Quorum Delegation is a novel delegation mechanism that allows users to delegate their voting power to a group of trusted individuals (a quorum) rather than a single delegate. This approach reduces user attention costs and the risk of centralization and collusion while allowing high flexibility in delegation.

2.1. How Quorum Delegation Works

Quorum Delegation (QD) allows users to passively vote by delegating their choice to a group of users. Unlike traditional delegation (1:1), QD allows distributed delegation across multiple users.

1. Delegating members choose and rank a set of delegates.

2. If enough ranked delegates actively vote, their decision forms a Quorum Vote automatically for the user. If not enough ranked delegates actively vote,

3. The outcome of the Quorum Vote is weighted by the delegating member’s voting weight, and sent as input for the final vote tally.

In the example above, the quorum consists of 10 anonymous users of which 6 vote "Yes", 2 vote "No", 1 abstains, and 1 does not participate. The quorum participation threshold is 3/5 (6 users). Since "Yes" exceeds a simple majority (4 votes), the user automatically votes "Yes".

SCF’s implementation of NQG does not allow redelegation of delegating members who don’t actively vote themselves to keep accountability of active voting members and ensure a sufficient number of active voters on each funding decision. Should the number of voting members grow, we may eventually allow redelegation up to a certain amount of hops.

2.1 Definitions of Quorum Delegation in SCF

• Delegating Member: User with Pathfinder, Navigator, or Pilot tier that has selected to delegate a particular vote instead of actively voting for or against a proposal (Pathfinders can only delegate, not vote actively).

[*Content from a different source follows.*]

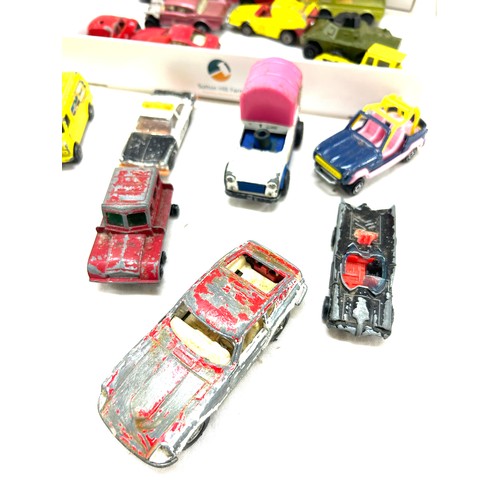 29 - Large selection of vintage dye cast cars includes Matchbox, corgi cars etc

• Quorums: Delegating members create four delegate lists or quorums, one for each Project Category: Applications, Financial Protocols, Infrastructure & Services, and Developer Tooling

• Delegate: User with Pilot tier that has nominated themselves to be a delegate of one or more Project Categories. Learn more about the SCF Build Project Categories and nomination process with Category-Specific Delegate Panels.

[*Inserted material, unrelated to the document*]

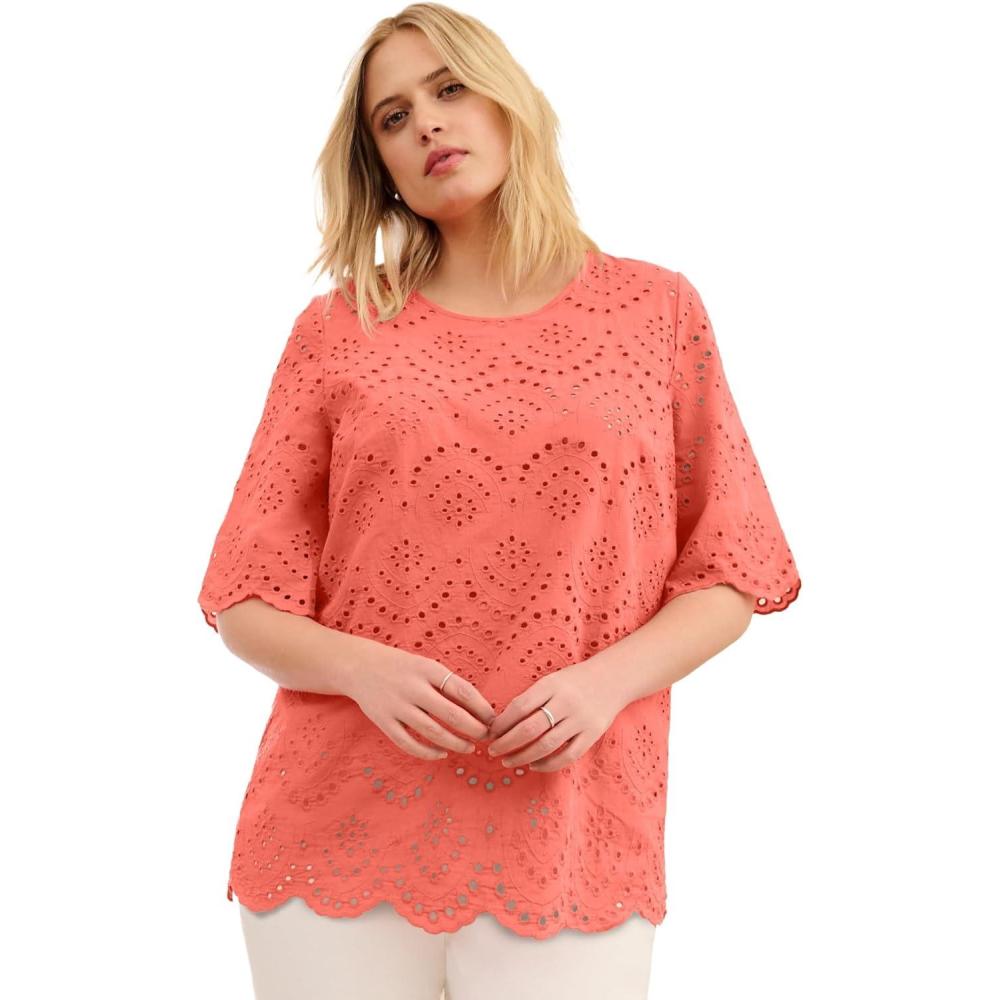 image:imageellos Plus Size Scalloped Hem Eyelet BlouseDusty Coral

2.2. Current Parameters of Quorum Delegation in SCF

The current implementation of QD in SCF has fixed parameters with relatively light thresholds to optimize for vote throughput. Some context: in rounds with SCF v5.0 and earlier, we saw a high amount of Abstain votes due to delegating members not actively voting. Lower parameter thresholds in combination with the Category-Specific Delegate nomination process have significantly improved delegate vote throughput.

Parameter	Description	#
Min Quorum Candidates	Minimum size of potential candidates a user must select for their Quorum	6
Max Quorum Candidates	Maximum size of potential candidates a user can select for their Quorum	15
Quorum Participation Threshold	Minimum % of quorum participants needed for a valid vote	5
Quorum Size	Max number of candidates considered in a Quorum Vote	15
Relative Agreement Threshold	Minimum % of agreement required among active votes	51%-67%*

_{*has changed in past few rounds depending on Abstain rate.}

Example Scenario

Example Scenario:

1. Alice (who is a Navigator) chooses to delegate her vote on ‘Applications’ to a quorum of 7 delegates.

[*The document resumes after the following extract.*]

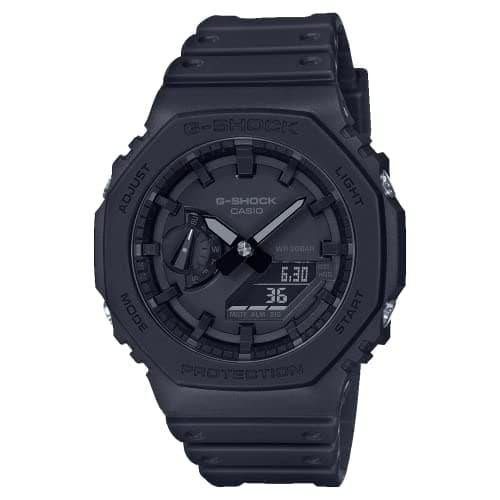 Image of Casio G-Shock GA-2100-1A1ER Analogue-Digital Quartz Watch with Black Resin Case, Silicone Strap, 200 Metre Water Resistance, Stopwatch World Time Timer, 45.40 mm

2. During a voting round, 5 delegates of the quorum vote "Yes," and 2 delegates vote "No."

3. Since the quorum meets the consensus threshold (51%), Alice's vote (with her own voting power assigned through Neural Governance) is counted as "Yes."

2.2.1. Understanding the difference between the purpose of Trust Graph Neuron and Quorum Delegation

The relationships within the Trust Graph Neuron show correlations with Quorum Delegation as both are focused on trust, but each have a distinct purpose–while it might be assumed that a user would add their delegates to their trusted list of users, they would not necessarily select everyone in their trusted list as delegates (and not everyone would be available, as delegate selection happens quarterly based on nomination).

Trust in the Trust Graph Neuron is expected to be assigned more liberally—a user can assign trust for any reason to help gain reputation for that user— as there is no direct effect on their own choices and voting power. Similarly, a user can assign trust to a high number of other users, while Quorum Delegation is limited.